4.0 from 9 votes
Candy-Striped beetroot salad with Maple-candied pecans and goat's cheese
Enjoy something delicious and satisfying with this easy-to-make recipe.
Prep Time
10 mins
Cook Time
10 mins
Total Time
15 mins
Servings: 2
Course:
Salad , Appetizer
Cuisine:
Vegan
Ingredients
for the maple-candied pecans
- 100 g pecans
- 1/4 cup maple syrup
for the thyme vinaigrette
- Juice of 1/2 lemon
- 1/4 cup olive oil
- 1 teaspoon fresh thyme leaves
- salt & pepper to taste
for the salad
- 2-3 candy-stripe beetroot peeled and very thinly siced
- 100 g soft goat's cheese I used Chevin
- baby salad leaves try to get a pack that has herbs mixed in
Instructions
- To make the candied pecans, toast the nuts in a large frying pan over medium heat for a minute.

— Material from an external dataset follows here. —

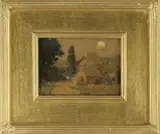 Edward Loyal Field, Country Cottage and Farm, Oil on panel depicts small cottage and farm in a rural setting. Probably a Catskills or a Hudson River Valley scene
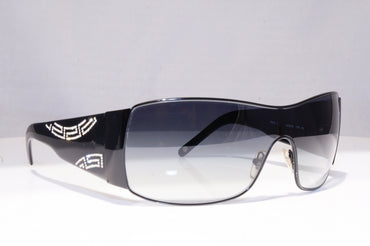 VERSACE Womens Diamante Designer Sunglasses Black Shield 2081-B 1009/8G 18859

- Pour in the maple syrup and allow to cook and get sticky for a minute.
- Remove the nuts from the pan and place on a sheet of baking paper. Allow to cool completely.
- To make the vinaigrette, combine the ingredients and mix well. Set aside.
- To make the salad, place the salad leaves on a platter and top with the sliced beetroot, candied pecans and crumble over the goat's cheese.
- Dress with the vinaigrette and serve.